Communication Abstracts covers approximately 130 of the most important scholarly journals about communication. Coverage of mass communication topics (journalism, broadcasting, advertising, plus technological, legal and business aspects of mass communication) predominates, but you will also find material about interpersonal communication in various social and cultural settings, and material about rhetoric and oratory. Coverage of all kinds of religious communication is rather limited. For example, as of 9/2006, a search for "public speaking" matches over 900 but "sermon*" matches only around 50 records, and "preach*" brings up about 100. "Broadcasting" retrieves over 3200 records, but "broadcasting and (religio* or christian* or church*)" retrieves only 85. In most cases coverage begins with vol. 1 of the journal, so some articles cited are as much as 100 years old. ComAbs does not index book reviews.

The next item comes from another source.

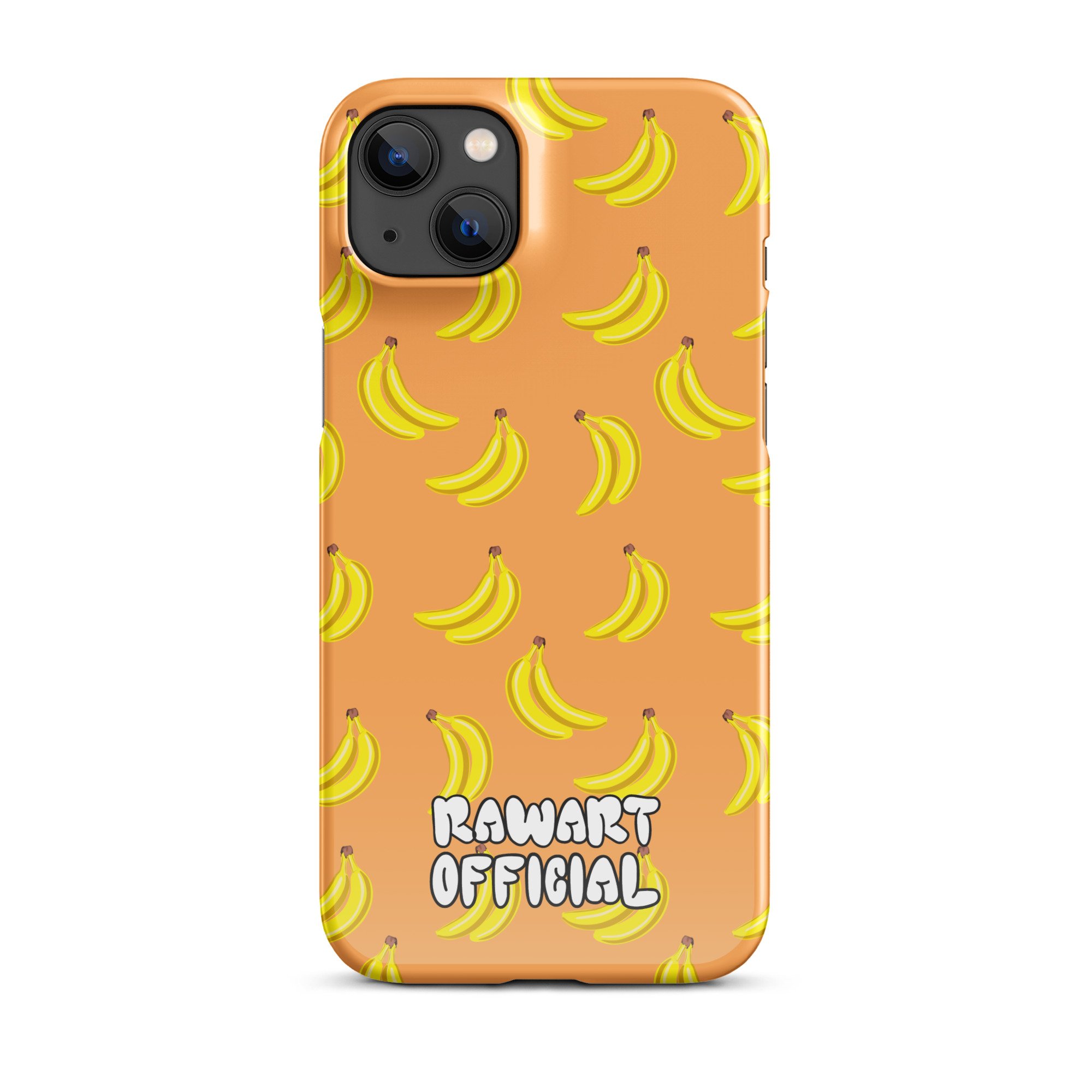 Banana Snap case for iPhone® - POP ARTIST @RAWARTOFFICIAL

There is little difference between basic and advanced search screens. We suggest you use the advanced screen.
The search engine supports the familiar logical operators (and, or, not), word truncation (*), and grouping of terms in parentheses. So a search for religious journalism might look like this:
journalism and (religio* or christ* or theol*)

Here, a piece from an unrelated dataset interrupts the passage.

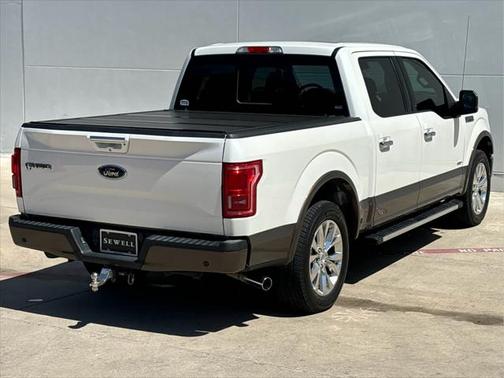 2015 Ford F-150 Lariat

You may use the slash operator /n/ (i.e., slash, a number, slash) to designate a proximity search. For example,
journalism /5/ religion
matches journalism within five words of religion. You can mix this proximity operator with logical operators if you wish. For example, a search for
journalism /5/ (religio* or christ* or theol*)
matches journalism within 5 words of (religio* or christ* or theol*).

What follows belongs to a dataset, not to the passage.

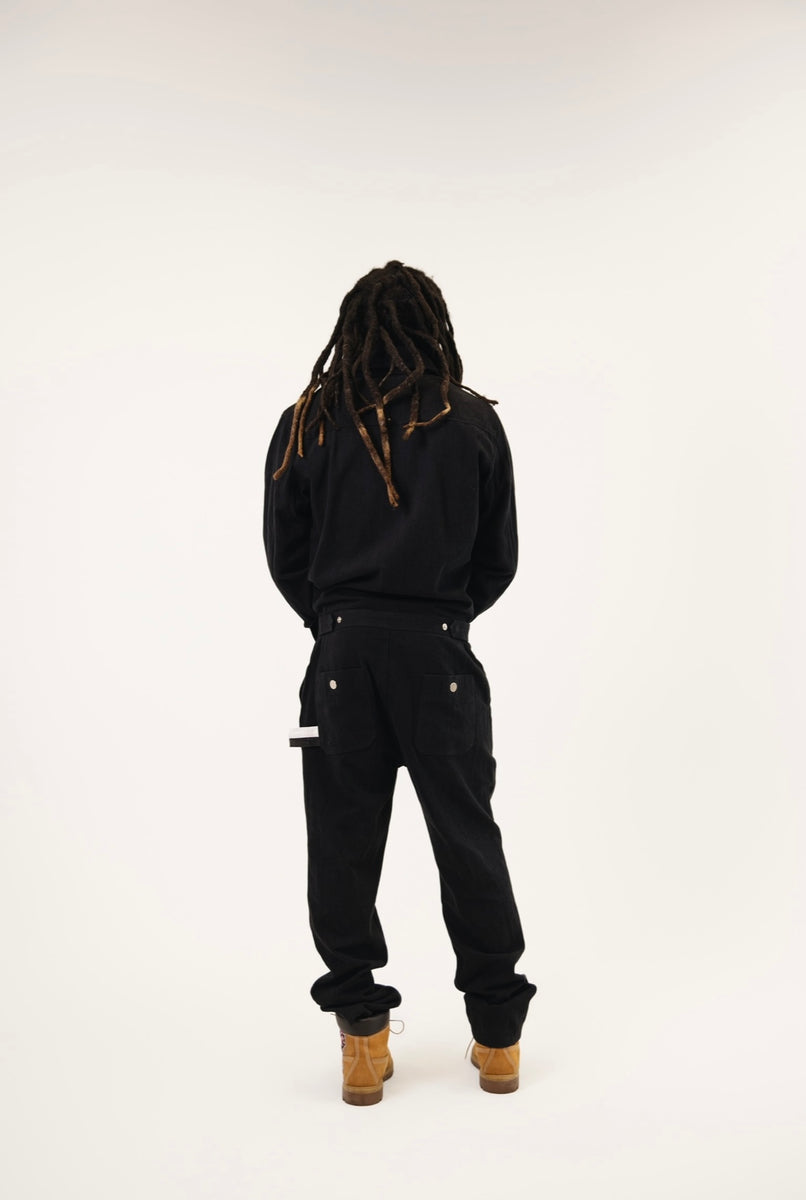 Grevyi men's denim coverall – alwaysgrevyi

The default operator is exact phrase, so a search with no explicit operator like
public speaking
will match those exact words, adjacent, in that order.
There are two unusual search features that warrant more detailed explanation.
To search by author, pick the "by author" option and enter last name only. Be warned this database makes no effort to standardized names to a consistent form. So expect variations like John Smith vs J Smith.
Click the Browse Index Terms tab to display a sorted list of terms in the database. Here is a browse for "religious."
And here is the result:
The browse implementation is quite limited. Only single word terms are listed. It is not possible to browse multi-word phrases. Words from all fields are mixed together. It is not possible to restrict browsing to words from a specific field (e.g., author). When you specify a browse word, the system displays only one small screen of terms. It is not possible to advance forward alphabetically with a simple "next" command. Instead, you must enter another term to see another screen of information. It is possible to see from the browse screen that there are many typographical errors in the database.
A search with matching records results in a multi-record display like the following.
Form your own list of records by clicking the "add to folder" link at the end of each of the records you wish to keep. Each time you click this link the folder will open to let you see or change what you have entered. To leave the folder with your list intact, close the folder window and continue to choose records. When you have selected all the records you want, you may e-mail or download the records into EndNote.
Display an individual record with abstract by clicking "view full record" under the title in a citation.
Click the appropriate button below the abstract to move to the next or previous record, return to the list of records, print, or e-mail an individual record. Author contact or background information is sometimes available.